T.H. Chow

Master thesis (1)

1 records found

Data, Representation, Models and Analysis: the four horsemen of machine learning for homogeneous catalysis

Master thesis (2025) - T.H. Chow (author) , E.A. Pidko (mentor) , A.V. Kalikadien (mentor)

Bidentate ligand-coordinated transition metal complexes are often used as homogeneous catalysts, as they have the ability to produce enantioselective compounds. These compounds are of high interest in the pharmaceutical and food industries. However, identifying high performing catalysts relies on trial-and-error approaches, which is time-consuming and costly. The use of data-driven predictive models could improve this process significantly by shifting most of the work from experimental work to computational work. Previous work from the group has attempted to develop such a predictive model using Machine Learning (ML), a representation of a manually generated static structure, and a database generated through High-Throughput Experimentation (HTE).
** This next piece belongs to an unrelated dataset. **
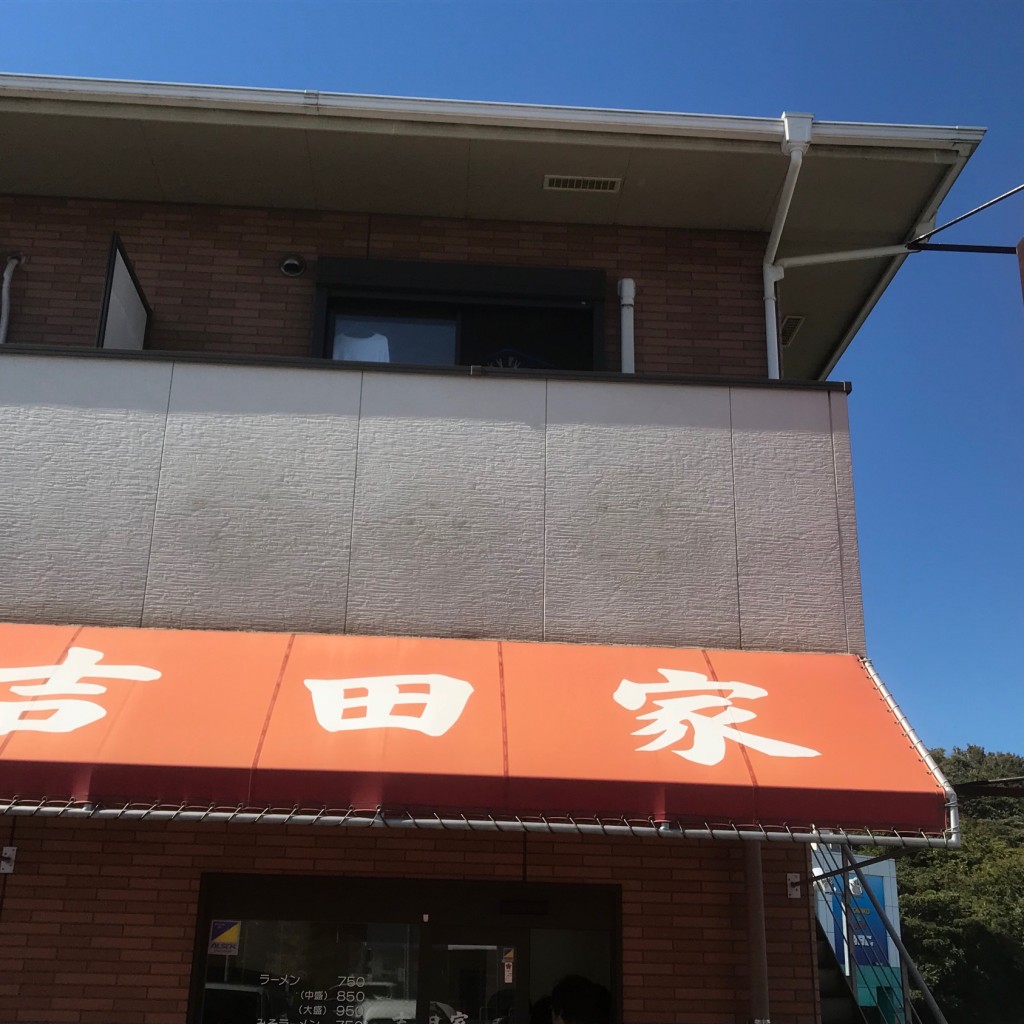 実際訪問したユーザーが直接撮影して投稿した吉田ラーメン / つけ麺吉田家の写真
However, these models faced challenges in terms of model performance and consistency between different substrates. This research aims to enhance these models by improving the representations used in ML to achieve more accurate predictions. To bring the representations closer to reality, both dynamic and new static approaches are tested, using conformer ensembles (CEs) generated by CREST. These structures were then used in DFT calculations to obtain accurate properties of these complexes. Additionally, new HTE data, which is closer to the complexes used in the simulation, was incorporated to improve training data for the ML models. The investigated reaction is the hydrogenation of norbornadiene (NBD) using Rh-NBD complexes. The performance of both classification and regression was compared across different representations: a cheap topological connectivity fingerprint (ECFP), semi-empirical DFT representations, and expensive fully DFT-optimized representations. The results conclude that none of the DFT-based representations outperforms the cheap topological fingerprint for this specific reaction. The study also highlights the importance of high-quality data in training the models. Ultimately, while the representation was improved, the much simpler topological method was the most effective for prediction of catalyst performance.